READ: September 4, 2015
endorsement
[1] This motion was referred to me by the registrar’s office pursuant to rule 2.1.01(7) following receipt of a written request of counsel for the defendants under subrule 2.1.01(6).
[2] The plaintiff purchased a modest portfolio of publicly traded shares through brokerage facilities offered by one or more of the defendants. He sues the defendants for their failure to pay over to him millions of dollars in investment returns that he says are held for him in special trust accounts. He says that the trust accounts were opened for him by the issuers of the publicly traded securities. The trust agreements were held through “proxy accounts.”
[3] Each year, the plaintiff receives shareholder proxy forms. They are sent by issuers in conjunction with the issuers’ annual general meetings. The proxy forms enable shareholders to exercise the voting rights attached to their shares for matters that arise at the annual general meeting such as electing the board of directors. The plaintiff seems to view the shareholder voting proxy forms and shareholder identification numbers on those forms as evidencing the “proxy accounts” through which his trust accounts are held. Computershare, the transfer agent for each of the issuers, has apparently denied that trust accounts exist. Try as they might, the defendants have also not located the accounts either.
[4] The plaintiff attached many documents to his statement of claim that evidence both the state of his investment accounts in 2011, the standard shareholder voting proxy forms on which he relies, and the defendants’ efforts to satisfy the plaintiff’s inquiries.
[5] The plaintiff also attached charts to the statement of claim showing technical market analysis. He discussed sophisticated investment analysis such as Fibonacci ratios. What seems to be missing from the plaintiff’s claim however, is any pleading or any indication that the alleged trust accounts actually exist or, even if they did, that they have anything to do with the defendants.
[6] Reporting issuers of common shares do not routinely open a secret trust account for each of their publicly traded shares. Ownership or access to a trust account is not an attribute of corporate share ownership. Nor is it part of the plaintiff’s account agreements with the defendants.

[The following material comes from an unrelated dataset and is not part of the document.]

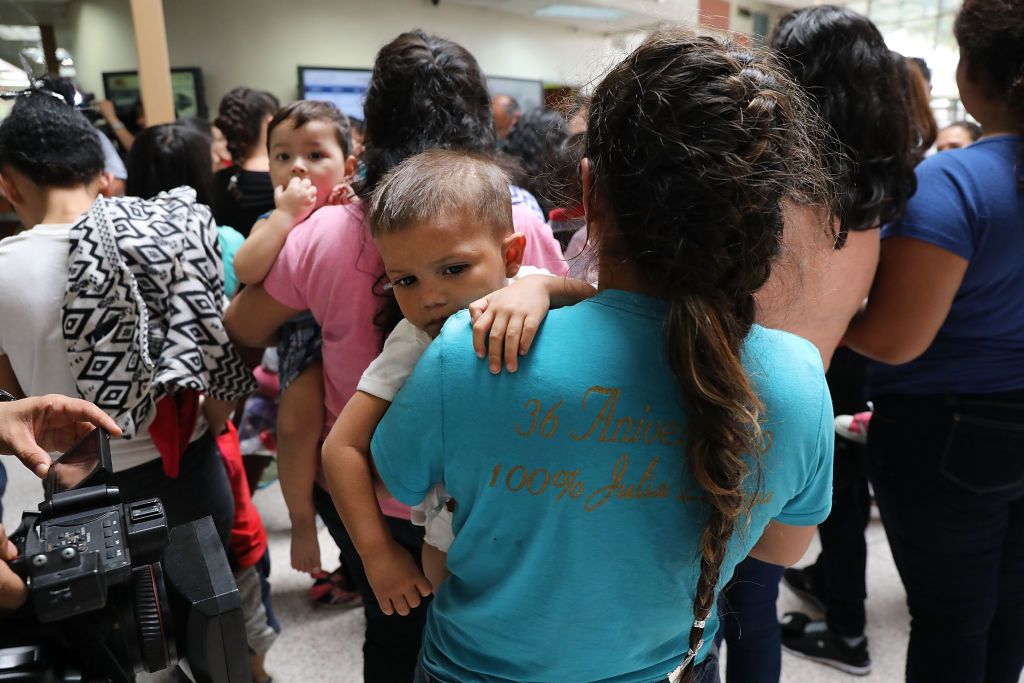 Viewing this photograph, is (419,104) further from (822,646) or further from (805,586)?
(805,586)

Shareholder voting documents, including routine voting proxy forms, do not evidence ownership of a secret trust account. Nor do they entitle the plaintiff to claim money from the defendants.
[7] It appears that the plaintiff’s claim is frivolous or vexatious on its face. Therefore, he should be called upon to make brief written submissions as to why the action should not be dismissed at this time under rule 2.1.
[8] On reviewing the material forwarded by the registrar, the court makes the following order:
a. Pursuant to subrule 2.1.01(3)(1), the registrar is directed to give notice to the plaintiff in Form 2.1A that the court is considering making an order under Rule 2.1.01 dismissing the action;
b. Pending the outcome of the written hearing under rule 2.1 or further order of the court, the plaintiff’s action is stayed pursuant to s.106 of the Courts of Justice Act, R.S.O. 1990, c.C.43[^1];
c. The registrar shall accept no further filings in this action excepting only the plaintiff’s written submissions if delivered in accordance with rule 2.1.01(3);
d. In addition to the service by mail required by 2.1.01(4) rule, the registrar is to serve a copy of this endorsement and a Form 2.1A notice on the plaintiff and counsel for the defendants by email if it has their email addresses.
________________________________ F.L. Myers J.
Date: September 4, 2015
[^1]: See Gao v. Ontario WSIB et al., 2014 ONSC 6100 at para.